Assessorato al bilancio: delicatissimo e necessitante di nervi saldi e stabilità. Ebbene: dopo le brevi esperienze di Alberto Gibin ed Elena Delsignore (SiAmo Vercelli), Maura Forte chiama alla bisogna Andrea Coppo. Che resta un anno e mezzo, poi si dimette: la Forte, anziché chiedergli di ripensarci, gli offre un caffè. Incarico vacante per un po’. Al suo posto, dopo alcuni mesi di rovello, chiama (meglio: le portano) Gianni Cau; che in Giunta resta un anno, e poi viene mandato a casa (e non la prende affatto bene) per far rientrare Coppo. Un po’ in campo, poi in panchina, poi di nuovo in campo: come nelle partite di basket; e infatti la Forte, in attesa del prossimo time-out, gli aggiunge anche l’assessorato allo sport.
E i peones? Marcello Trada (SiAmo Vercelli, 118 voti), Caterina Unio (Pd, 219) e Valeria Barelli (Forza Italia, 127) dopo un ottimo risultato elettorale si dimettono: si rendono conto che – per varie ragioni – non hanno tempo di fare i consiglieri. Al loro posto entrano tre non eletti.

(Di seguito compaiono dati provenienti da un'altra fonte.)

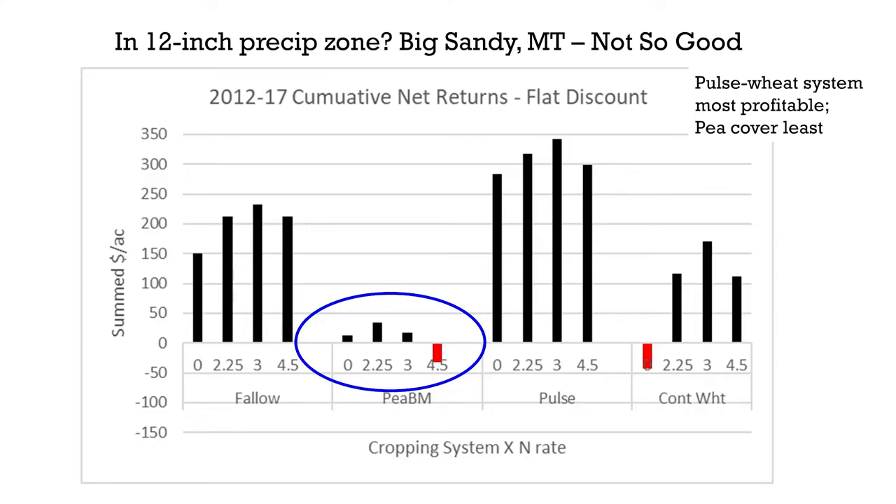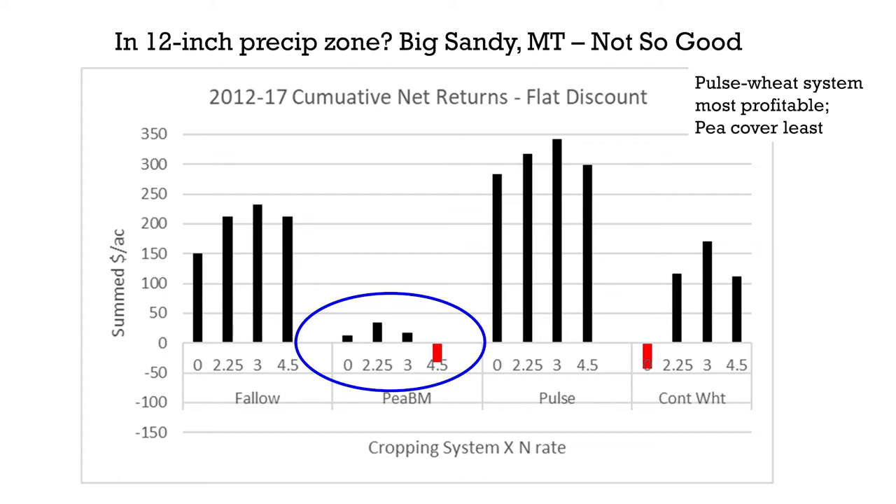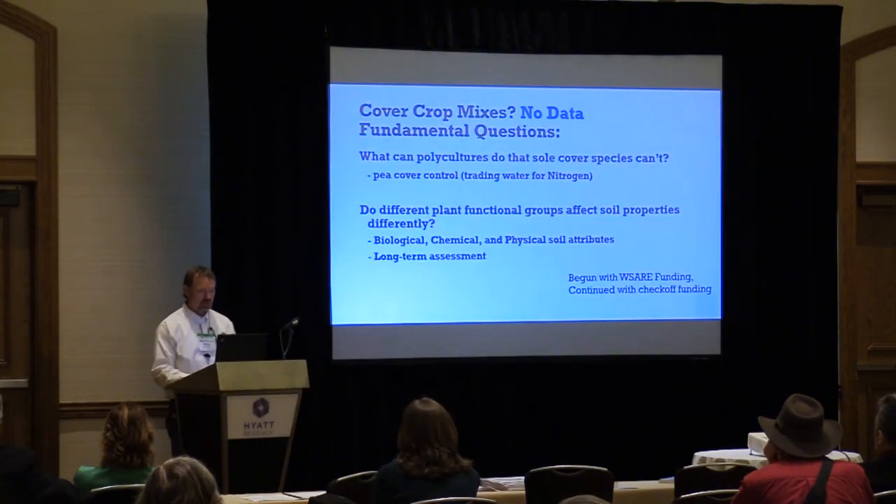That was a 16-inch rainfall zone. This is a similar study in Big Sandy — a 12-inch precipitation zone. Here is my pulse-wheat system economics over the first six years, without any equilibration period, just jumping in to see how things work right off the bat. My pulse-wheat system is still the economic winner. But the pea brown manure in the blue circle — and here is the chem-fallow system — this cover crop is economically much worse off during the first six years than the chem-fallow system. That's going to be a challenge. These dry areas are just going to be a challenge.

In Giunta, dopo un vorticoso giro di entrate e uscite che neanche nelle commedie di Feydeau (Emanuela Fornaro, Elisabetta Dellavalle, Adriana Sala Breddo…), da qualche mese ci sono Daniela Mortara, Graziella Ranghino e Paola Montano: tre che nel 2014 nessuno ha votato (anzi, no: la Ranghino si era candidata e aveva preso 16 voti…), e sono lì per incarico fiduciario del sindaco. Sindaco che tre anni fa aveva la fiducia di meno di un terzo dei vercellesi, e oggi chissà se ha ancora la fiducia di almeno metà del Consiglio.
Insomma: nell’aula di Palazzo Civico, che dovrebbe esprimere la volontà popolare e rappresentare la città, c’è ormai di tutto: equilibristi, trapezisti, giocolieri, domatori di belve, lanciatori di coltelli, donne cannone, pagliacci. Prossimo spettacolo il 27 luglio: venghino, siòri, venghino.